By asking "What is important about homogeneous equations?" You come pretty close to asking "Why is linear algebra important?" Most every problem in linear algebra no matter how abstract at some point boils down to solving linear systems.
In general a linear system can be written in the form $A{\bf x} = {\bf b}$. If you take any two solutions ${\bf x}_1$ and ${\bf x}_2$ then ${\bf x}_1-{\bf x}_2$ is a solution of the corresponding homogeneous system $A{\bf x}={\bf 0}$. This is turn implies that if you find one solution ${\bf x}_p$ (a particular solution) of $A{\bf x} = {\bf b}$ and then find the general solution of the corresponding homogeneous system $A{\bf x}={\bf 0}$, say ${\bf x}_h$, then ${\bf x}={\bf x}_p+{\bf x}_h$ is the general solution of $A{\bf x}={\bf b}$. So in some sense the homogeneous solutions account for all of the redundant solutions of $A{\bf x}={\bf b}$ once you've found a particular solution.

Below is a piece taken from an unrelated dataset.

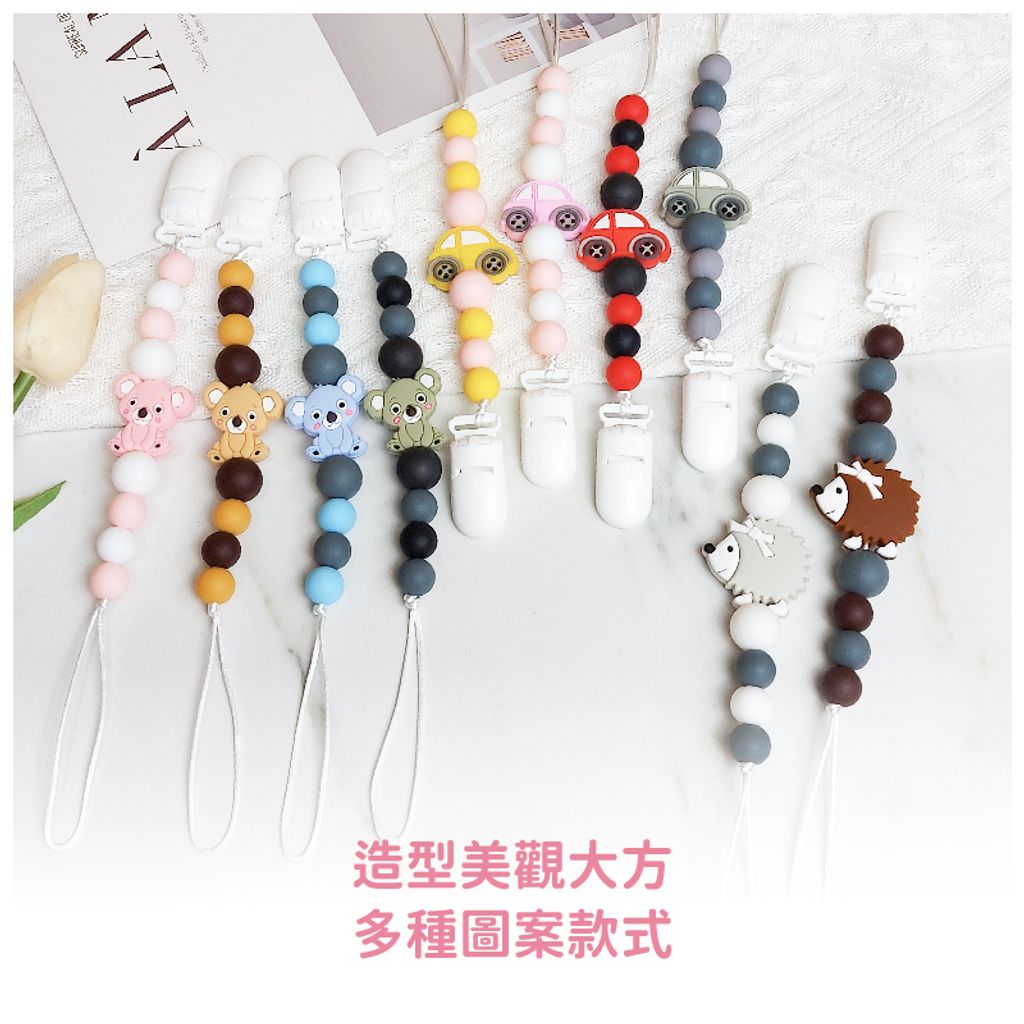 A11-06_矽膠奶嘴鏈-05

If you have a linear transformation, say $T:V \to W$, then the kernel (or nullspace) of $T$ is the subspace $\mathrm{Ker}(T)=\{ v \in V \;|\; T(v)={\bf 0} \}$ (everything in $V$ that maps to the zero vector in $W$). If your linear transformation is $T(v)=Av$ for some matrix $A$, then the kernel of $T$ is nothing more than the null space of the matrix $A$. The range of $T$ is all of the vectors of $W$ that get mapped to: $\mathrm{Range}(T) = T(V) = \{ T(v) \;|\; v\in V\}$. Again if your transformation is $T(v)=Av$, then the range of $T$ is nothing more than the column space of the matrix $A$.

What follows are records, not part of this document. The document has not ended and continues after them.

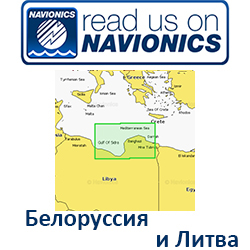 Карта Navionics Belorusia lakes 5G336S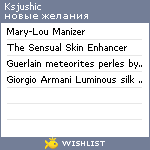 My Wishlist - ksjushic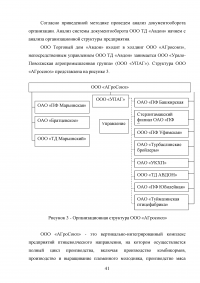 Документооборот в организации Образец 48766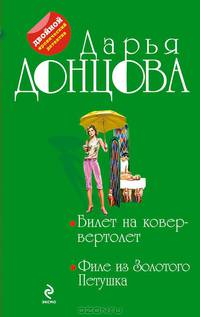 Билет на ковер-вертолет. Филе из Золотого Петушка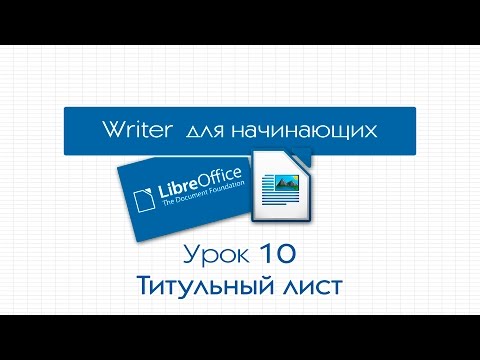 Видео: LibreOffice Writer. Урок 10: Титульный лист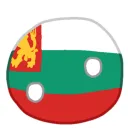 Tsardom of Bulgaria: Dumb?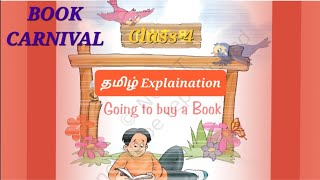 Going to Buy a Book | Class-4 English Unit 8 | Marigold | Detailed Tamil Explanation | Ncert | cbsc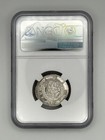 Ancient Tabaristan Sulayman Hemidrachm 787-789 Ad Ngc Ms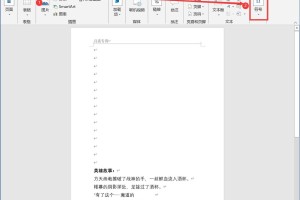 今天分享Word怎么输入复杂的公式。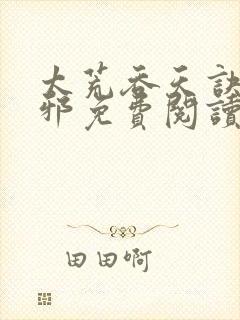 太荒吞天诀柳无邪免费阅读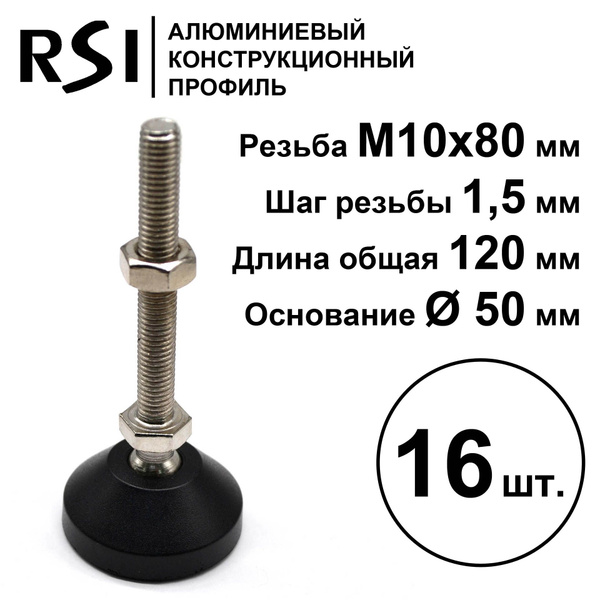 Опора регулируемая М10х80 - 16 шт. (наклон до 15 градусов) - купить с ...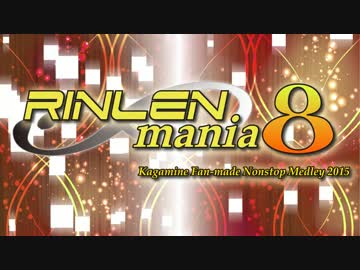 【鏡音リン・鏡音レン】 RINLENMANIA 8 【ノンストップメドレー】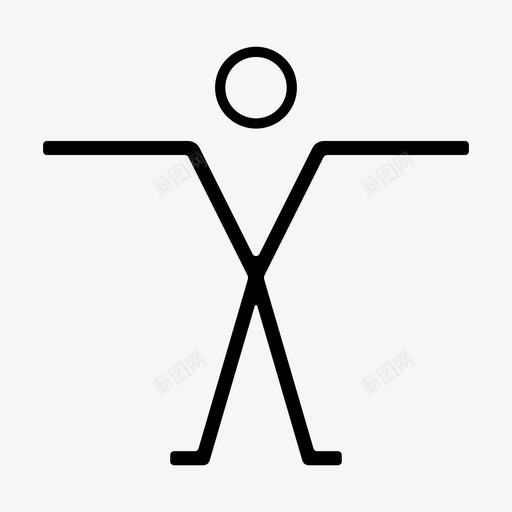 手臂伸展锻炼塑身图标svg_新图网 https://ixintu.com 塑身 手臂伸展 锻炼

Again the kernel (a set of solutions of a homogeneous linear system) accounts for redundancies. If $T(v_1)=w=T(v_2)$ (i.e. $v_1$ and $v_2$ both map to the same output $w$), then $v_1-v_2 \in \mathrm{Ker}(T)$. So if $w \in T(V)$ (the range of $T$) and $v_p \in V$ is a vector such that $T(v_p)=w$, then $T(v_p+k)=w$ for any $k \in \mathrm{Ker}(T)$. Briefly, let $K=\mathrm{Ker}(T)$ and $v_p+K=\{v_p+k\;|\; k\in K\}$. Then $v_p+K$ is the set of all vectors which map to $w$.
In general, each element in the range of $T$ corresponds to a set of the form $v+K=v+\mathrm{Ker}(T)$ (these are called cosets of the kernel). So if we take $V$ and quotient out $K$ (whatever that means), denoted $V/K$, then we are left with a collection of sets which exactly correspond (i.e. isomorphic) with the range $T(V)$. This is written: $V/\mathrm{Ker}(T) = \mathrm{Range}(T)$. This result is known as the first ismorphism theorem. A quick consequence is that "rank plus nullity equals the dimension of the domain".
I know that doesn't complete answer your question, but maybe it'll get you started.